Putaansuu is concerned about the impact the homeless encampment is having on surrounding neighborhoods and the park’s stream and wetlands.
“I don’t think the county is being a very good neighbor to the residents in that area,” the mayor continued. “There needs to be a plan to deal with the garbage being generated and a plan to deal with the human waste. It’s impacting our stream.”
Commissioner Gelder concedes more clean-up work around the encampment is needed, including mitigation measures involving portable toilets, dumpsters and “sharps containers” allowing for safe disposal of needles.
A major step the county has recently taken to address the issue of homeless encampments on county land was the adoption of an unauthorized encampment response policy, Gelder said. The policy outlines a systematic way for the county to address encampments, including shutting them down when necessary, he said.

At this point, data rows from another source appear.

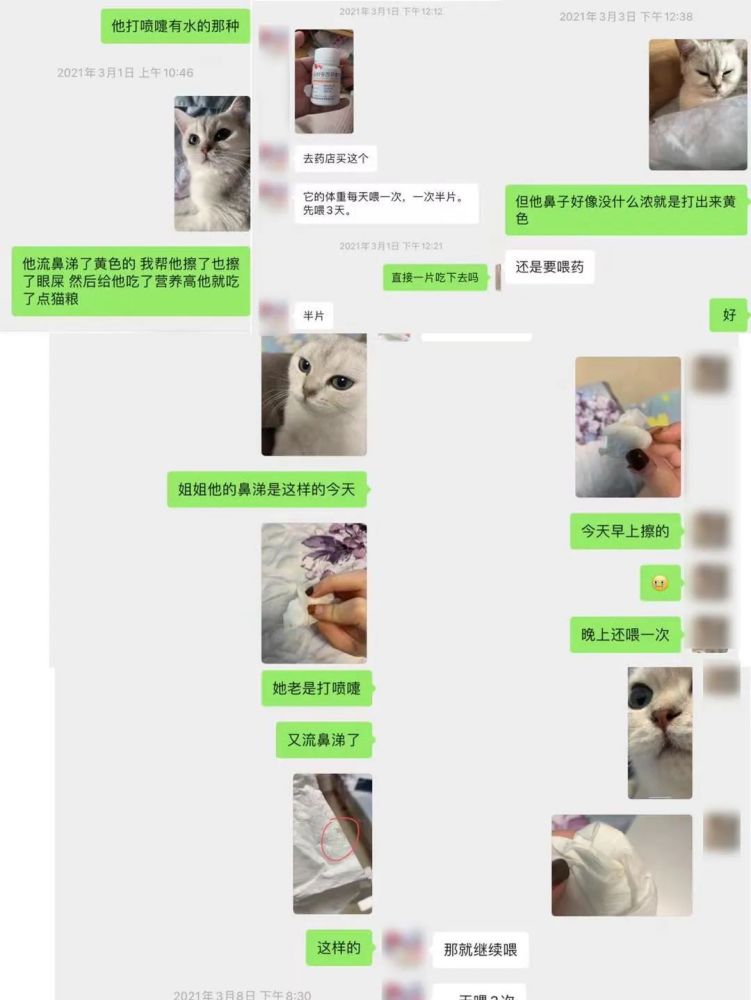 河源女生在一宠物医院买到 病猫 花费数千元治疗未好维权无门 腾讯新闻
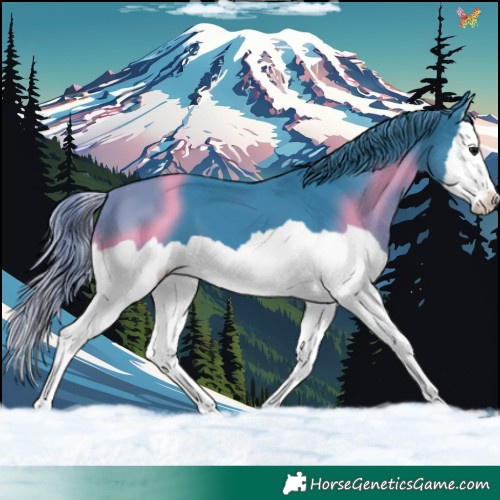 Horse Color:Watercolor Black Splash 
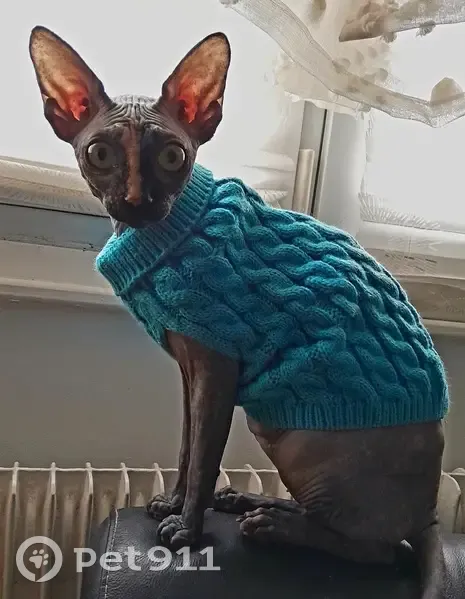Chat sphinx femelle disparue à Lille - photo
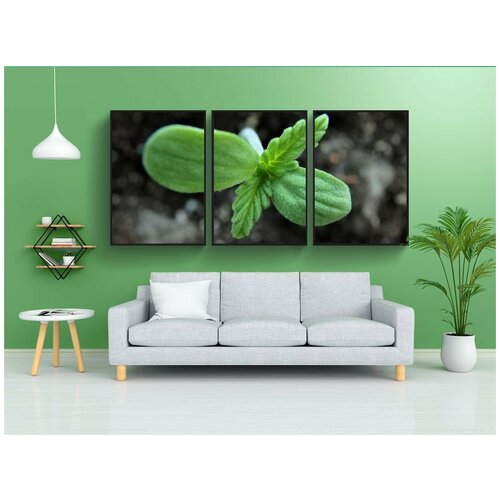 фото Набор модулных постеров для интерьера "флора, лист, пачкаться" 60x90 см. в тубусе, без рамки lotsprints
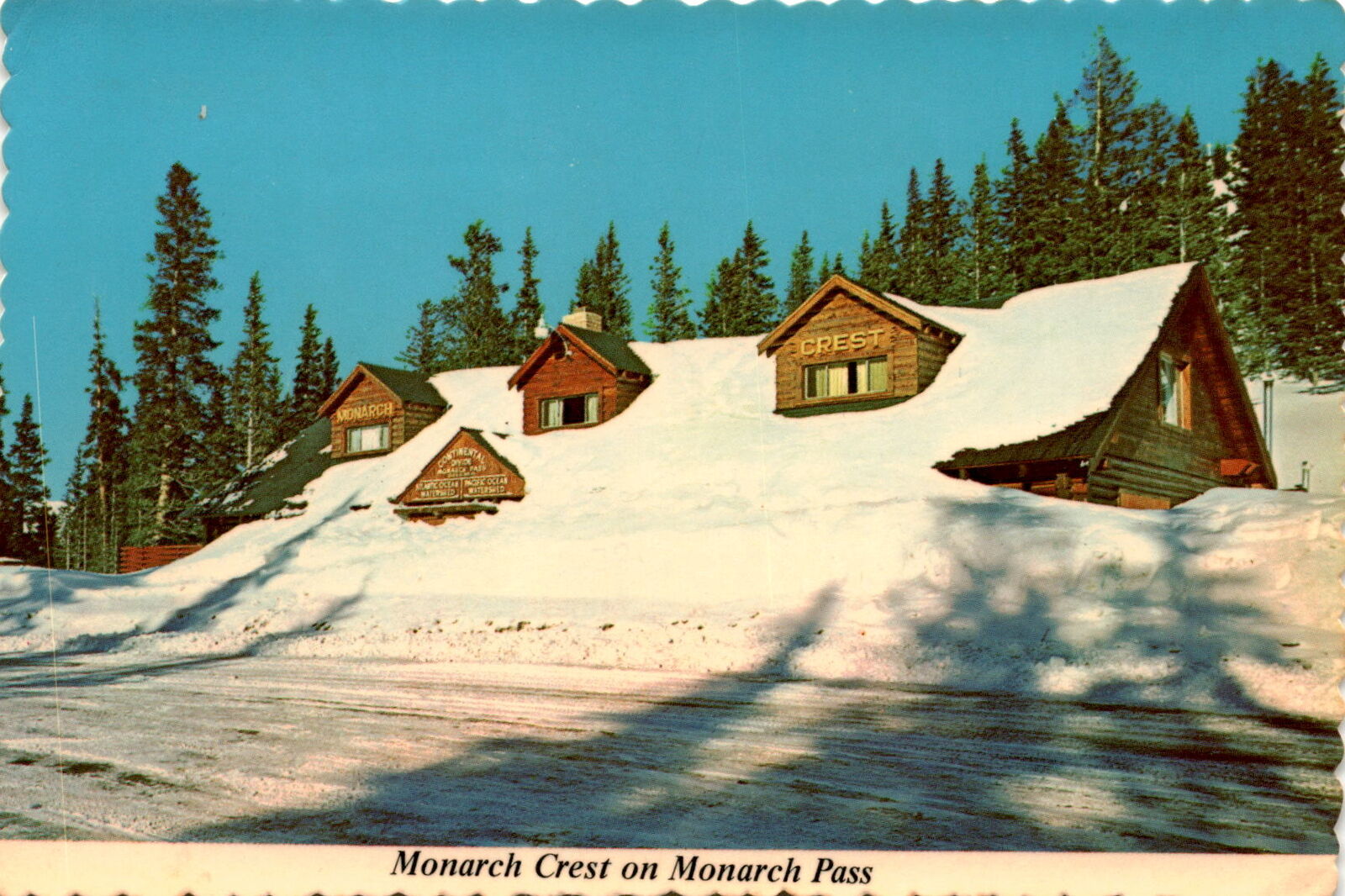 Vintage Monarch Crest Postcard: Snowed-In Winter Scene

Kristen Jewell, the county’s housing and homeless division manager, said she believes the new encampment policy helps the county to deal with encampments in a positive way.
“The county is aware there is a significant issue of encampments in South Kitsap and other parts of the county. We have been working on a multi-faceted approach to deal with [them],” Jewell said.
The approach, she said, includes formulating the new encampment policy and hiring a coordinator to implement the plan. It also would add another encampment outreach team to work with individuals living on the street and get them connected to housing and services programs. Expanding a state-funded hotel-motel voucher program is another element of the county’s efforts, she said.
“The goal of the voucher program is to increase the number of temporary motel vouchers that can be used to get people inside,” she said.
The new 75-person Mile Hill emergency homeless facility in Port Orchard, set to open next spring, will expand the number of temporary shelter beds available in the county.
“We think the Mile Hill program will have a really positive impact on reducing visible homelessness in South Kitsap. [Here], we don’t have homeless shelter beds for those struggling,” she said.
The final element in the county’s effort to deal with the homelessness issue is to continue increasing permanent affordable housing around the county, similar to that being accomplished by Pendleton Project in Bremerton, Jewell noted.